The Resolution aligns the CNV rules with the Corporate Governance Principles of the Organization for Economic Co-operation and Development (OECD) and with Capital Markets Law No. 26,831, as amended by Productive Financing Law No. 27,440 (the “LMC” after its Spanish acronym), which provides that “foreign legal entities will be able to participate in all the shareholders’ meetings (…) of listed companies through duly constituted attorneys-in-fact, without any other registration requirements” (in accordance with paragraph II, Section 62 bis of the LMC).
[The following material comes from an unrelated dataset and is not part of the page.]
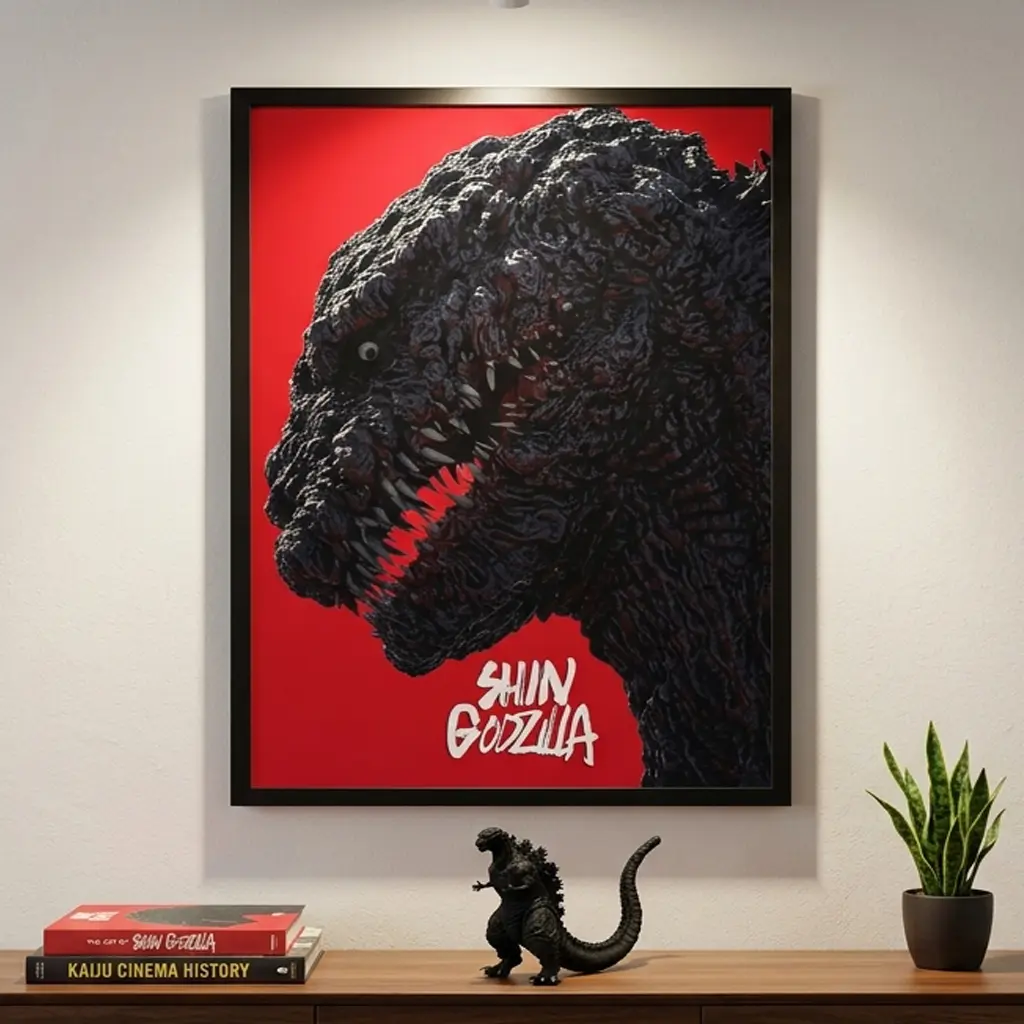 Shin Godzilla Artistic Poster Print - Home Decor Wall Art for Living Room, Bedroom Indoor Use (2)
II. Digitalization of Deposit of shares and registry of attendance to shareholders’ meetings book

 

The Resolution introduces the possibility of carrying out the deposit of shares and registry of attendance to shareholders’ meetings ledger (Libro de Depósito de Acciones y Registro de Asistencia a Asambleas) in digital registries.

 

Companies opting for this digitalization must request authorization from the CNV complying with the requirements provided by the Resolution. Among other requirements, the supervisory committee of the listed entity must submit a report on the controls undertaken to the registration system and the data recording means. In addition, the supervisory committee must inform annually if the system complies with the security and integrity conditions under which it was authorized by the CNV.

 

Lastly, companies opting for this system must back up the digital information every three months by transcribing it to a physical stock ledger which complies with the formalities provided by the Argentine Civil and Commercial Code.

The measure under analysis is implemented within the framework of the Administrative Simplification and Lack of Bureaucracy Process. Within this process, amendments to the LGS were introduced, allowing companies to carry corporate and accounting books in digital registries in the same form and conditions as permitted for the Simplified Corporations (“SAS” after its acronym in Spanish).